一方で福島第二原発はどうでしょうか。実状をほとんど知らない方が多いのではないでしょうか。今回訪問したのは福島第二原発でした。訪問した理由は、復興支援を申し出た福島県富岡町の復興状況を知る上で同町に所在している福島第二原発を見ておくことに意義があると感じたからです。
実は、福島第一と第二は距離として10㎞ほどしか離れていません。福島第一と同様に津波により大きな被害を受けた施設でもあります。しかし、同じような沸騰水型軽水炉がある原子力発電所でも、福島第二原発は炉心損傷せず原子炉の冷温停止を達成しました。福島第一とは異なる意味で、後世への教訓をもつ施設と言えると思います。
~大きな津波被害、外部電源が1回線 生きていた!~
今から約13年前の2011年3月11日、大地震によって発生した津波は、道路を遡って海抜12mにある福島第二原発の主要建屋設置エリアを浸水しました。その結果、多くの非常用ディーゼル発電機が使用不能になってしまいました。

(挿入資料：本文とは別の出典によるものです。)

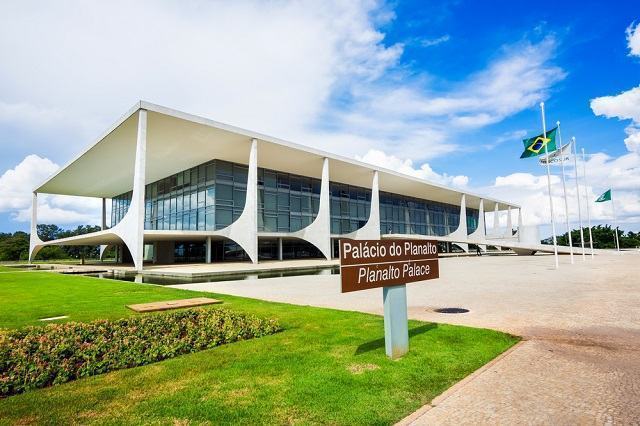 o-palacio-do-planalto-sede-do-poder-executivo-federal.jpg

しかし幸いだったのは、4回線あった外部電源(発電所の外から送電線を通って送られてくる電気)が1回線生き残っていたことです。まずは、この電源を使って原子炉内のポンプを動かすことにより、冷却水を循環させて原子炉を冷やすことができました。この点が福島第一と大きく異なる点です。
一方で、福島第二原発は別の形で大きな危機を迎えました。外部電源を使って循環させている冷却水ですが、この冷却水で原子炉の熱を逃がすことが出来ないと、次第に温まった蒸気が格納容器の圧力を上昇させてしまい、最終的に格納容器が破損してしまいます。本来、海水を介して熱を外に逃がす除熱機能があるのですが、海水ポンプの大半が津波で浸水し使用不能となってしまいました。
実はこの時、格納容器を守るために、放射性物質を含む格納容器内の蒸気を外に逃す“格納容器ベント”の実施も検討されていたそうです。ベントが実施されれば放射性物質が屋外に放出されてしまう、まさに危機的状況でした。
~仮設電源ケーブル布設と海水ポンプ交換で危機脱出!~
この時も命綱となったのは生き残った1回線の外部電源でした。発災からわずか2日で、使用不能となった海水ポンプを緊急調達して交換。そして総延長約9㎞もの仮設電源ケーブルを布設し、外部電源とつないで海水ポンプを駆動。格納容器内の熱を海水に逃がしました。総勢200名の所員、協力会社の社員の力を結集し対応したとのことです。このことにより除熱機能の復旧は成功し、格納容器ベントは実施されず、冷温停止を達成することができました。福島第二原発が炉心損傷も水素爆発といった過酷事故(シビアアクシデント)にもならなかった裏側には、こういった現場の奮闘がありました。